* **WHAT YOU NEED TO DO**:
Your copy of the entries below should hold exactly the lines from the one containing "Basket Stuffers Baby" to the one containing "Vakki 8mm Ring", inclusive, and no pictures.

* **INPUT RECORDS**:
───

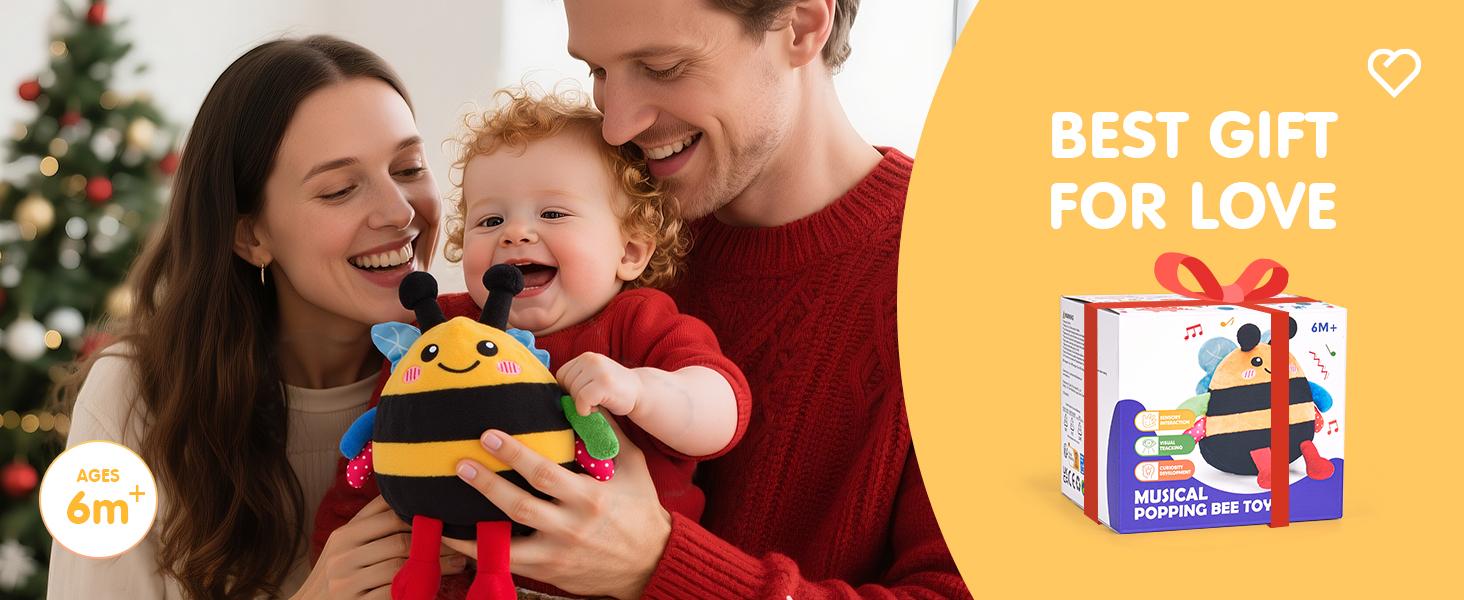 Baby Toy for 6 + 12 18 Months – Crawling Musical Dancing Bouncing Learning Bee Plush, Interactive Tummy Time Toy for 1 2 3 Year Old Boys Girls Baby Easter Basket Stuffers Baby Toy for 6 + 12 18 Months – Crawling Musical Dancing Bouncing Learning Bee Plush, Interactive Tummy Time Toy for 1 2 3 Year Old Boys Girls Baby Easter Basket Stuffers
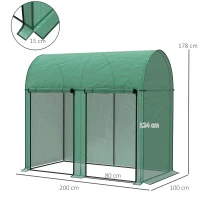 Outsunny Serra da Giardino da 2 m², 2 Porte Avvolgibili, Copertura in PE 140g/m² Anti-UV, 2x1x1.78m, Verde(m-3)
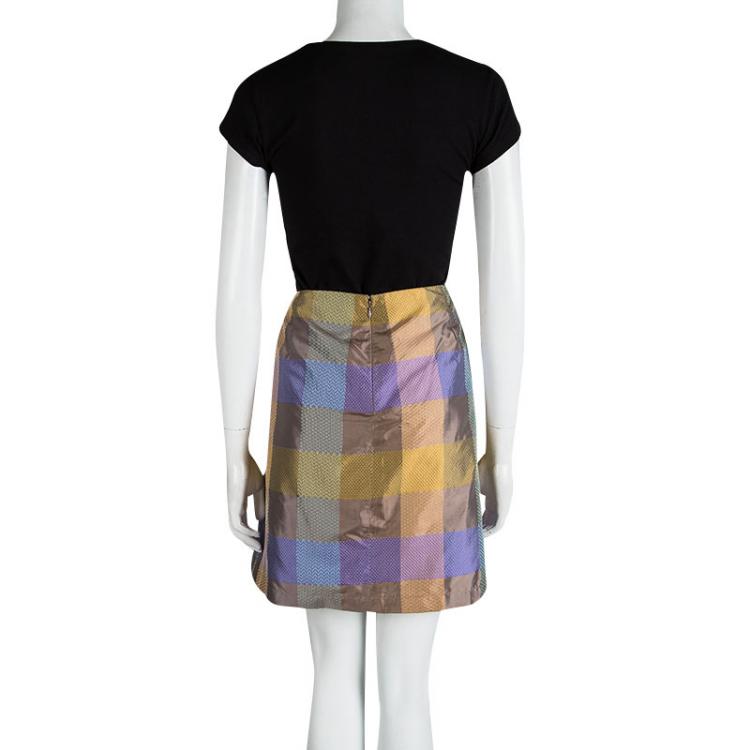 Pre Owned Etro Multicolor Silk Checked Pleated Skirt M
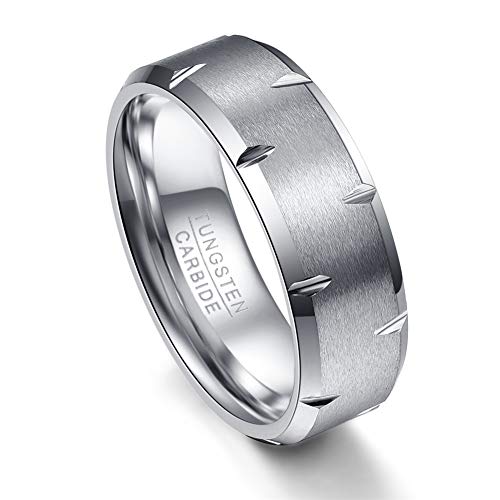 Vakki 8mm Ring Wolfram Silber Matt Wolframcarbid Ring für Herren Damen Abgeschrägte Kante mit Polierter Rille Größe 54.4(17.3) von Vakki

───

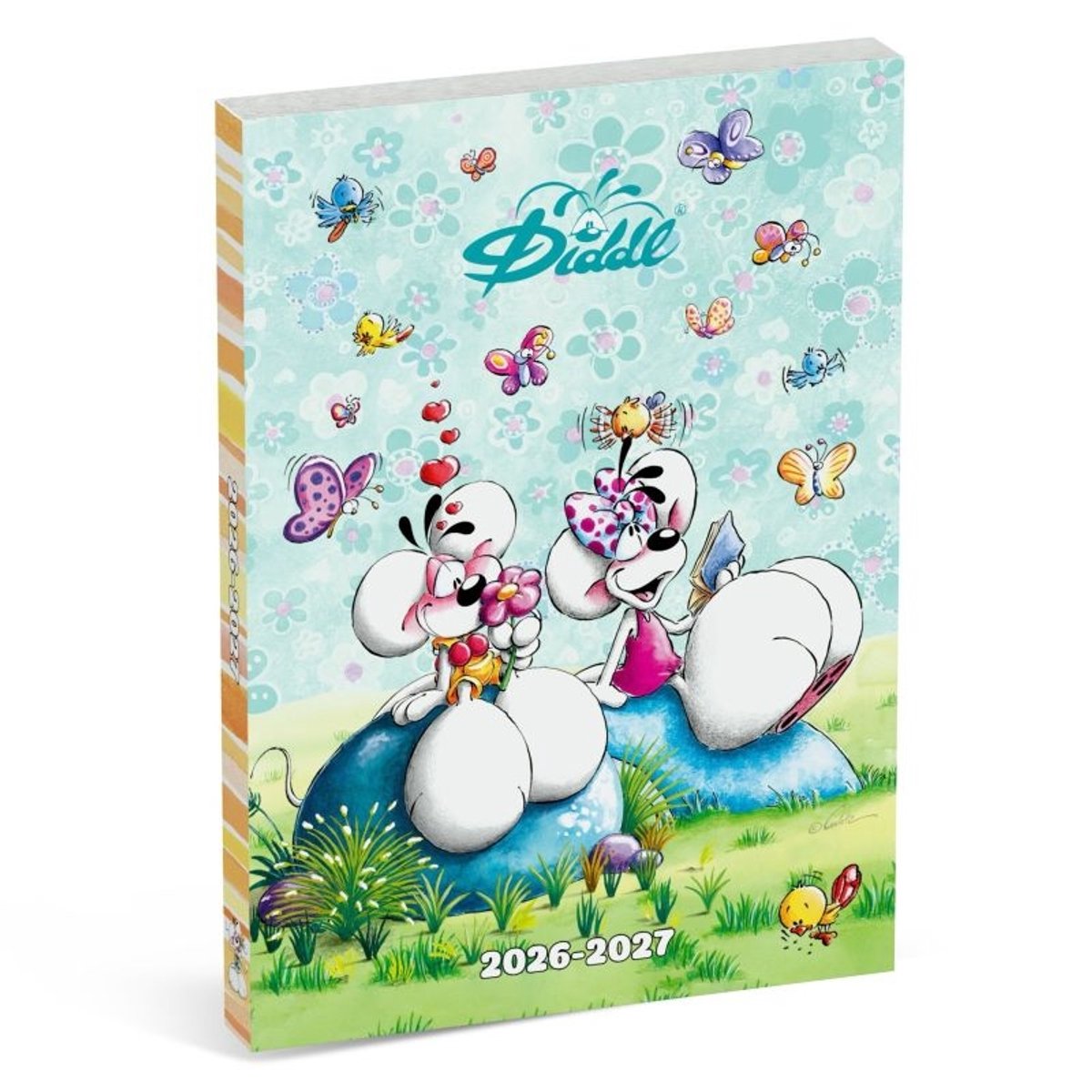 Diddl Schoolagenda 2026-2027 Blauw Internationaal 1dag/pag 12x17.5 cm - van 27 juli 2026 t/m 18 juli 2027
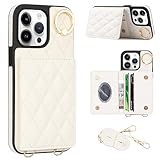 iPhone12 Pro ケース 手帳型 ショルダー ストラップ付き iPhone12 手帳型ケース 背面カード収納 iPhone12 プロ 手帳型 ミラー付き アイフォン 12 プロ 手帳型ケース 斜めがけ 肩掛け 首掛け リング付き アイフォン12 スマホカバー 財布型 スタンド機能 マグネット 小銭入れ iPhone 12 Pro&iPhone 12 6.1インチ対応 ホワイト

───

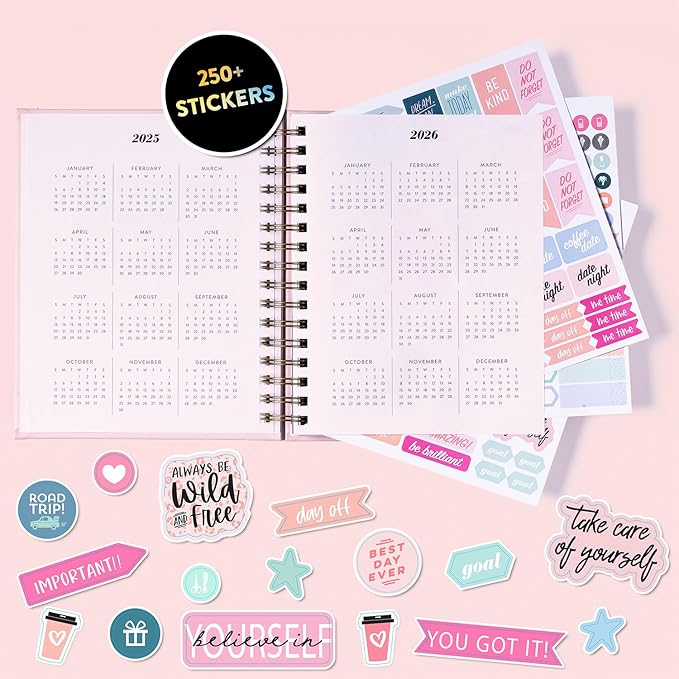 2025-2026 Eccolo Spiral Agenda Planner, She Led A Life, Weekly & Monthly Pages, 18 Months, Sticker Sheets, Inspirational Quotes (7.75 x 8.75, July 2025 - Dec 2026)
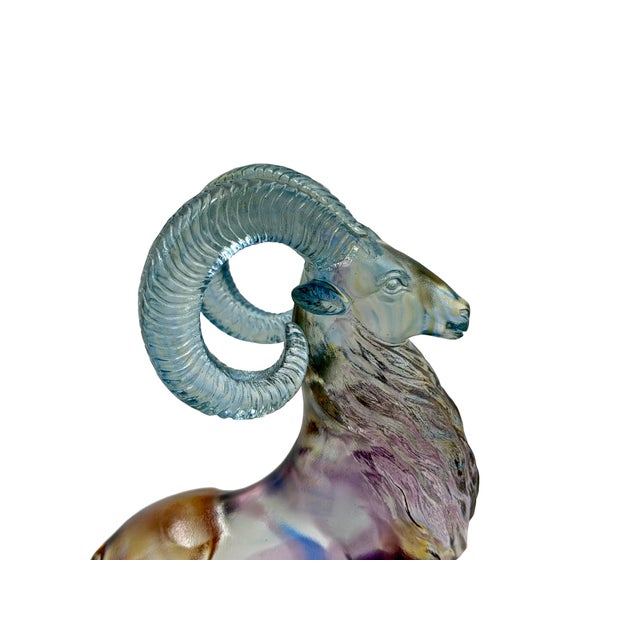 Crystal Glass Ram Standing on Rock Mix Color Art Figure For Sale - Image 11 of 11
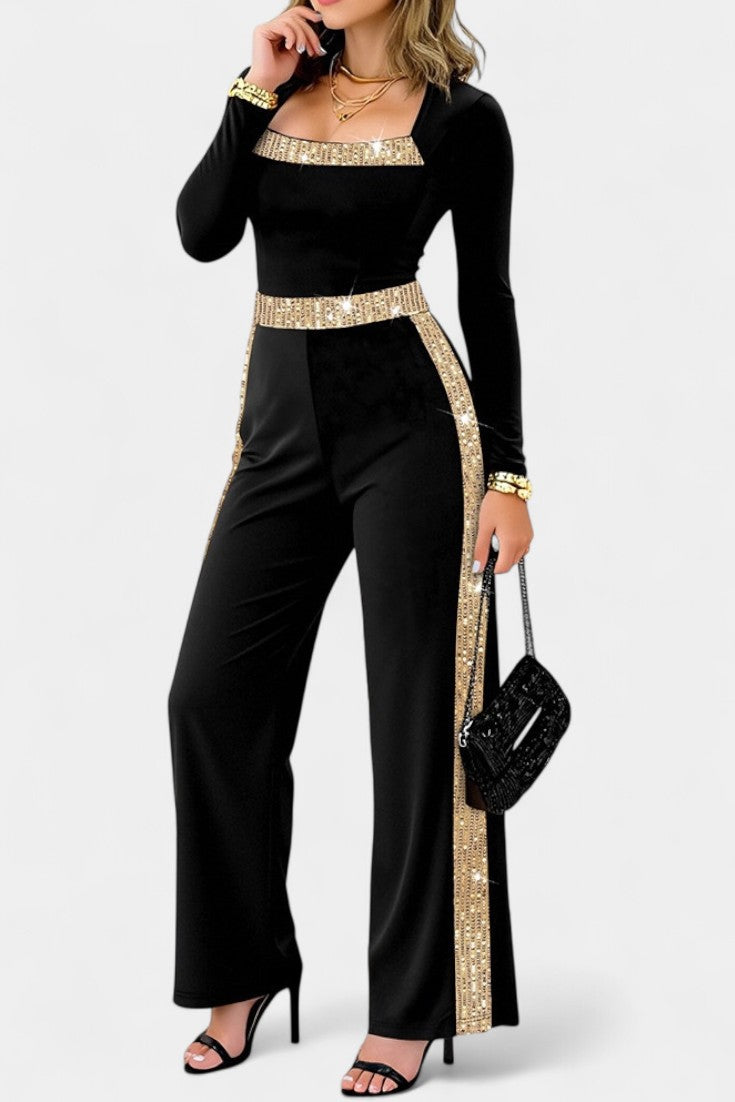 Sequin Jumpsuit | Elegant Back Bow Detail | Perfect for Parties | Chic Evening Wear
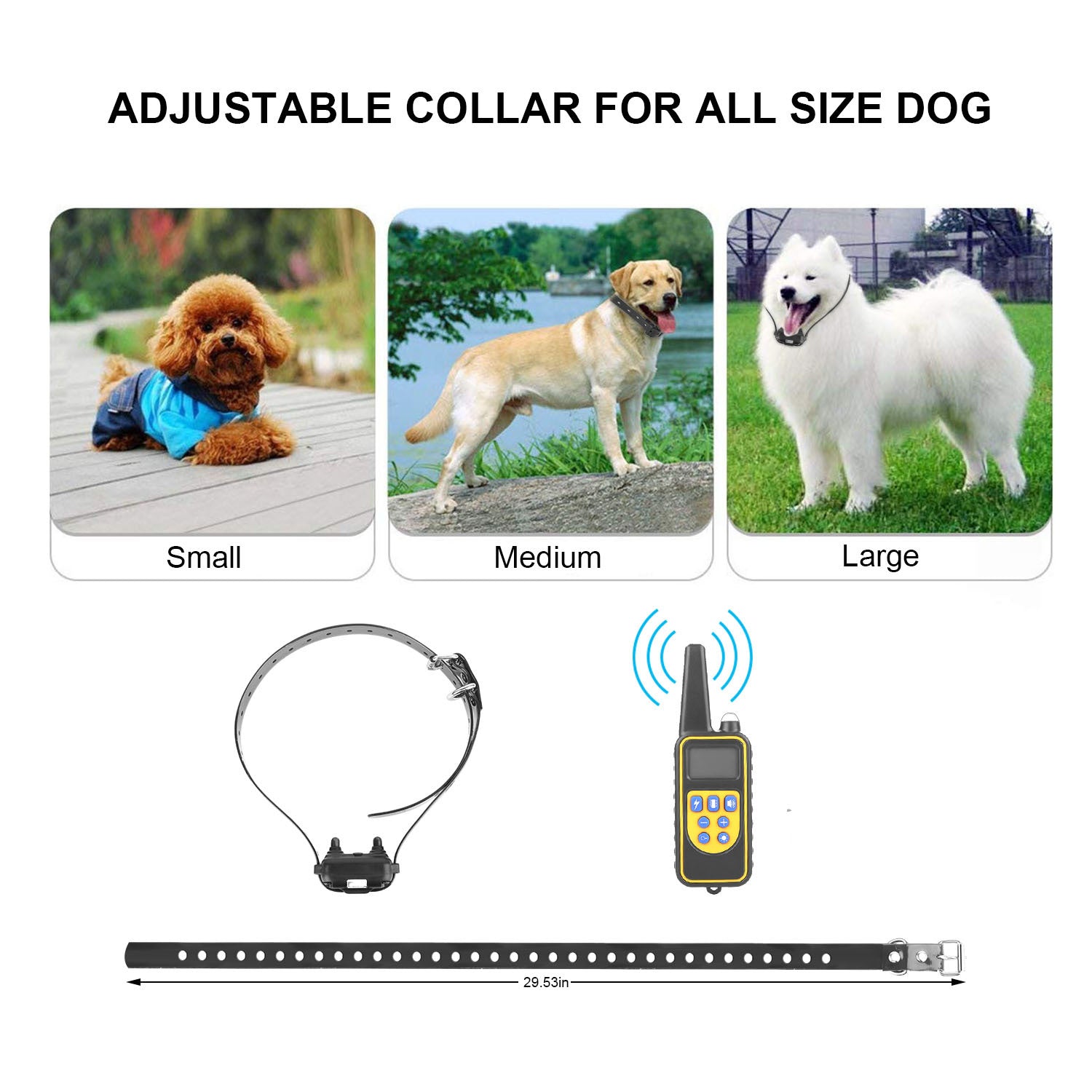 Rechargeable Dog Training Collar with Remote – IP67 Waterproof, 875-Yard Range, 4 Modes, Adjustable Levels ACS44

───

* **RESPONSE TO THE TASK**:
 Baby Toy for 6 + 12 18 Months – Crawling Musical Dancing Bouncing Learning Bee Plush, Interactive Tummy Time Toy for 1 2 3 Year Old Boys Girls Baby Easter Basket Stuffers Baby Toy for 6 + 12 18 Months – Crawling Musical Dancing Bouncing Learning Bee Plush, Interactive Tummy Time Toy for 1 2 3 Year Old Boys Girls Baby Easter Basket Stuffers
 Outsunny Serra da Giardino da 2 m², 2 Porte Avvolgibili, Copertura in PE 140g/m² Anti-UV, 2x1x1.78m, Verde(m-3)
 Pre Owned Etro Multicolor Silk Checked Pleated Skirt M
 Vakki 8mm Ring Wolfram Silber Matt Wolframcarbid Ring für Herren Damen Abgeschrägte Kante mit Polierter Rille Größe 54.4(17.3) von Vakki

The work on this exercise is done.